Wednesday, November 24, 2021

 November 24, 2021


This past weekend, my husband finally had the opportunity to travel a few hours from home, to visit a friend he hadn’t seen face to face in 46 years. It was a year ago yesterday, when out of the blue I received a message on FB from this gentleman, who I recognized immediately.

A long time ago, beginning before we got married, David and this man, along with a few other friends of like mind formed a “car club”, rented space, and got together to talk all things vehicles. They would work on each other’s cars, and between them there had been no car problem they couldn’t fix. Those were the days of the back yard mechanic, before computer chips took over, and they used to spend a lot of time together. Fixing cars by weekend days, heading to the local watering-hole at night. Sadly, two of that group no longer walk the earth.

This old friend, whose name is John had sent a hello message to me, because I am a friend of another friend of his, and he thought the name “Morgan” was interesting. Once he knew who I was, of course, he asked about David, so I put them in touch with each other, electronically-wise.

They’ve been chatting through that medium on a regular basis ever since. (John lives in an area with almost no Wi-Fi or cell phone reception, so he doesn’t have a cell phone. And his Internet is dial-up.) It turned out they had one important thing in the here and now that they share, and it’s a powerful thing to have in common: they are both recovering alcoholics, both of them sober now for more than three decades.

This was a trip David had originally hoped to take in August, but life happened, as it often does, and he had to postpone the adventure.

His original plan had been to take a bus up north, because an eight hour return drive, with me as the driver, is quite simply impossible. This worked out much better, anyway, even if it was only going there on Saturday and returning Sunday evening. John’s son, who lives about thirty minutes from here drove, and David paid for the gas, which was much less than bus fare would have been.

The day before he visited a butcher shop in our area and purchased three T-bone steaks, what David calls “plate” steaks. A plate steak is one that takes up the entirety of the plate.

Our two young dogs (they’ll be 2 years old on Sunday so we can’t really call them puppies anymore even if they are still small) knew that something was up on Friday. And then, of course, we were all up and out of bed before daybreak Saturday morning. David left the house at 4:30 a.m. I, foolishly, had thought that likely by 8 or 9 I’d return to bed because 4:30 is just too early for this old woman to be awake. My days of functioning well on three hours sleep are in the past.

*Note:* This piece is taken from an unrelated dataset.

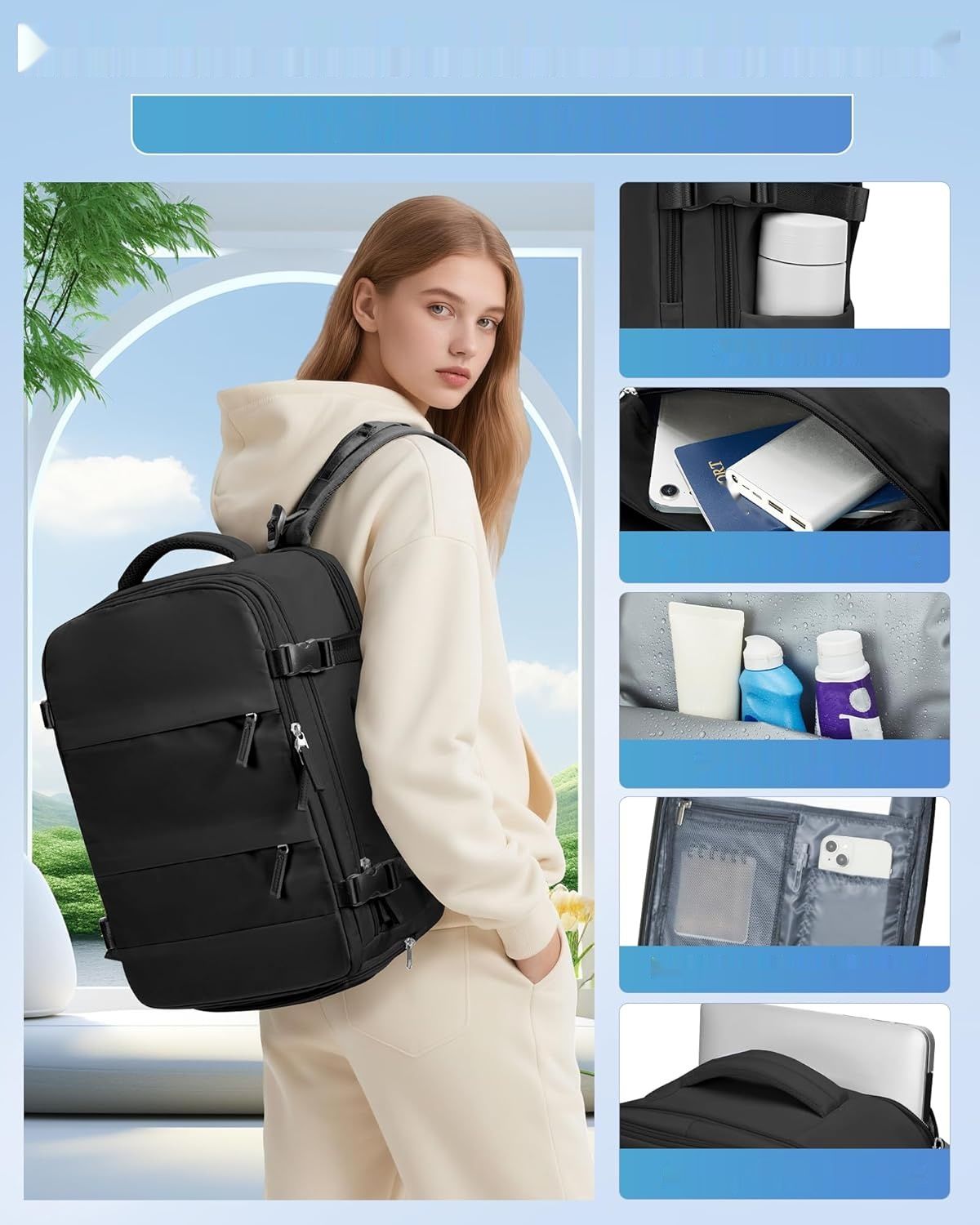 Plecak podróżny BJLFS 40x30x20 / 40x20x25 – bagaż podręczny do samolotu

The dogs had a different idea. It wasn’t difficult for me to figure out their reasoning. You see, if we were behind the closed door of the bedroom, why, they wouldn’t be able to keep watch for their daddy, who was sure to come back through that front door any minute now

I spent the first daddyless-day coddling the two dogs, Missy and Bear-Bear, who didn’t know where their daddy had gone, or if he would ever return. Of course, judging by their behavior, this is their state of mind whenever he leaves their sight, be it to go out and work in the upper back yard, walk a dog sibling, go out with the human-sibling (our daughter), to go with me to get the groceries.

These small dogs do not like change, period. Nor do they like to be without either of their two main humans, though it is their daddy that matters the most, and that is fine with me.

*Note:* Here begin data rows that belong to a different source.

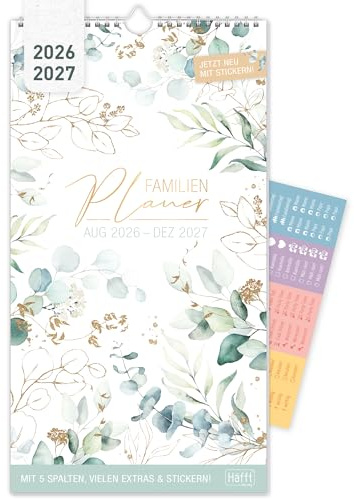 Häfft® Familienplaner Wandkalender 2026/2027 mit 5 Spalten Blattgold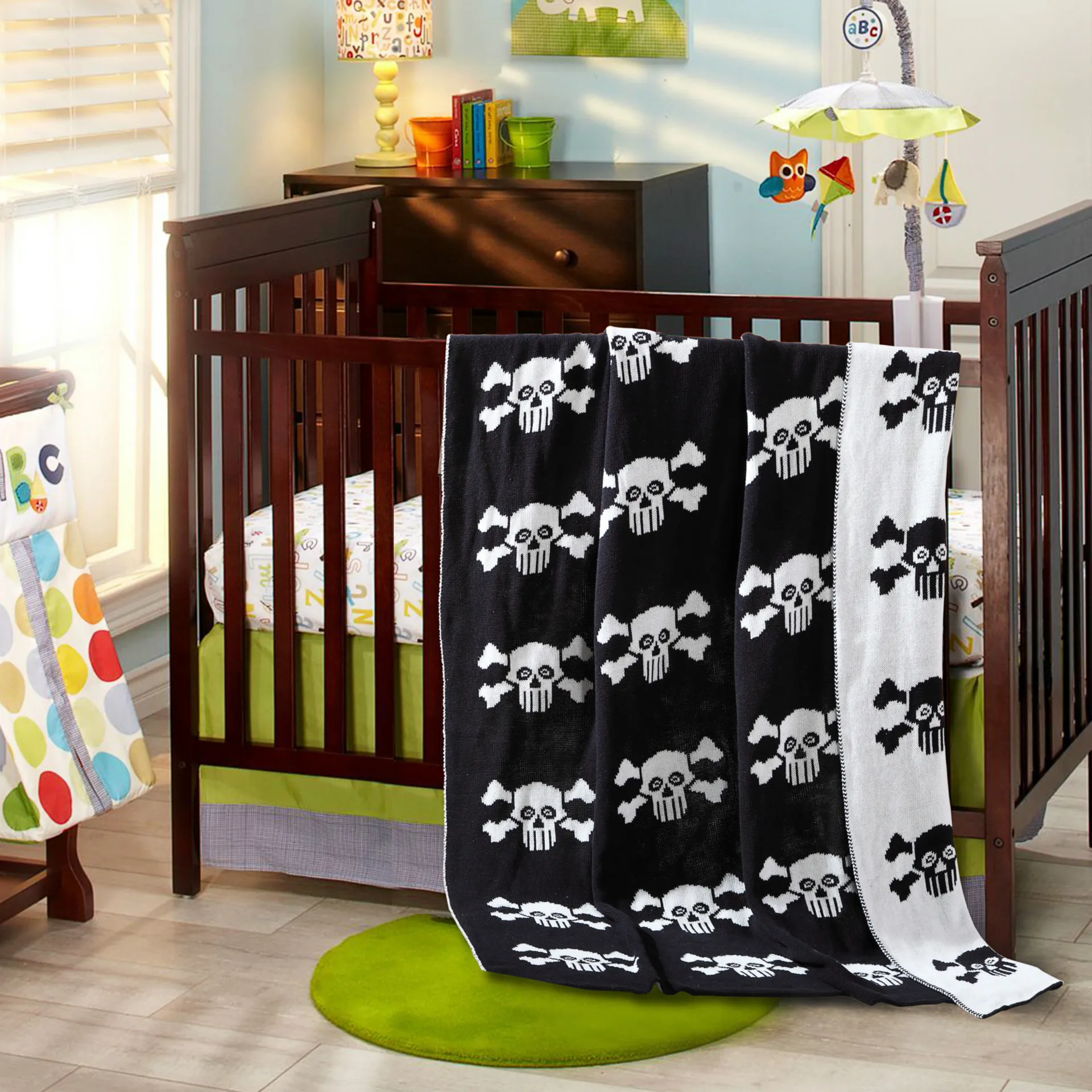 WARM TOUR Free Shipping Blanket Knitted Cotton Blanket Carters White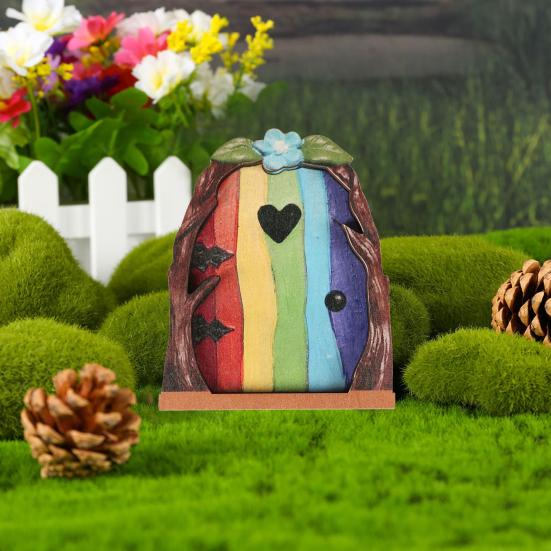 Fairy Door Ručně vyráběné realistické zimostrázové miniaturní dřevěné elfí dvířka Gate Garden Decor Home Decor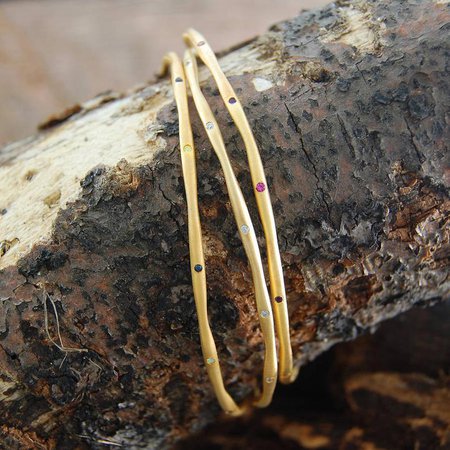 Gold Jewelry Stackable Bangles Birthday Gifts Gemstone | Etsy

Also, the two of them have whining, howling and shivering and, of course, the puppy-dog eyes down to a very fine art. Fortunately, by 11:30 Saturday night they willingly accompanied me back to the bedroom, where we all three were beyond tired and able to enjoy a solid night’s rest. Of course, I took David’s pillows and placed them further down on the mattress. Missy immediately climbed on one and actually sighed. Bear tends to like to sleep close to me, and that didn’t change.

The next day was much better with only occasional bouts of whining and looking sad. Of course, all was well, sunshine, lollipops and unicorn rainbows around six in the evening, when the door opened, and there, at long puppy-last was the daddy of the family.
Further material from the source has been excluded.